WORK TO COMPLETE: Reproduce word for word the lines between those holding "Now we'll get" and "Receive free no-obligation", inclusive, and nothing else from the data below.

THE INPUT:
==========

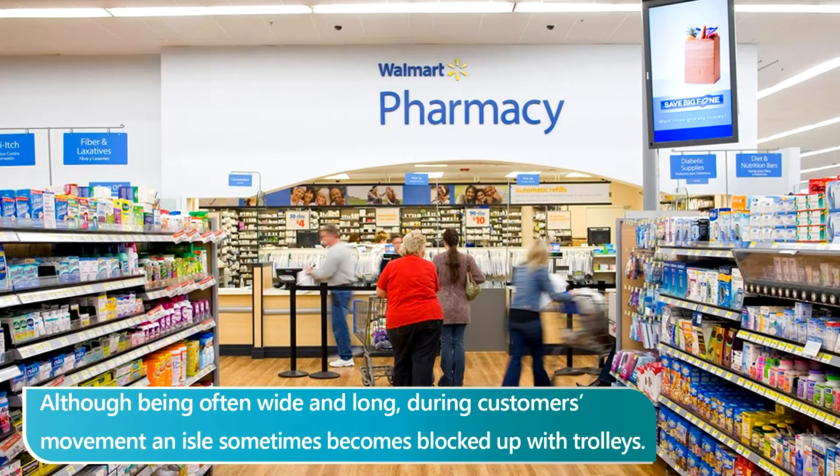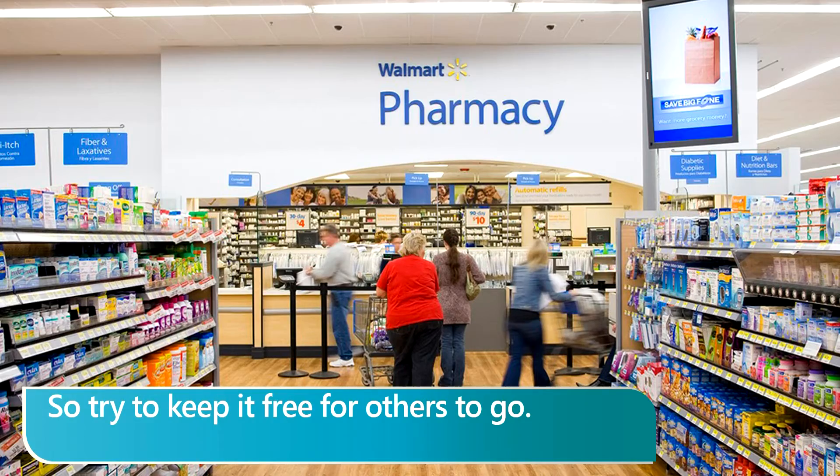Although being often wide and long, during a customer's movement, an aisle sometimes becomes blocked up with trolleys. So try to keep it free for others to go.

==========

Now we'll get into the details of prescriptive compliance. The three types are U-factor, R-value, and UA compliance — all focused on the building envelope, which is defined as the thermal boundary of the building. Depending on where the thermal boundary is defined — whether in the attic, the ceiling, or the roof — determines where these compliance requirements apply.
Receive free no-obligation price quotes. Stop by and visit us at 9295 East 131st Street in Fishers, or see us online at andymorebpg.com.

==========

SOLUTION TO THE PROBLEM:
Now we'll get into the details of prescriptive compliance. The three types are U-factor, R-value, and UA compliance — all focused on the building envelope, which is defined as the thermal boundary of the building. Depending on where the thermal boundary is defined — whether in the attic, the ceiling, or the roof — determines where these compliance requirements apply.
Receive free no-obligation price quotes. Stop by and visit us at 9295 East 131st Street in Fishers, or see us online at andymorebpg.com.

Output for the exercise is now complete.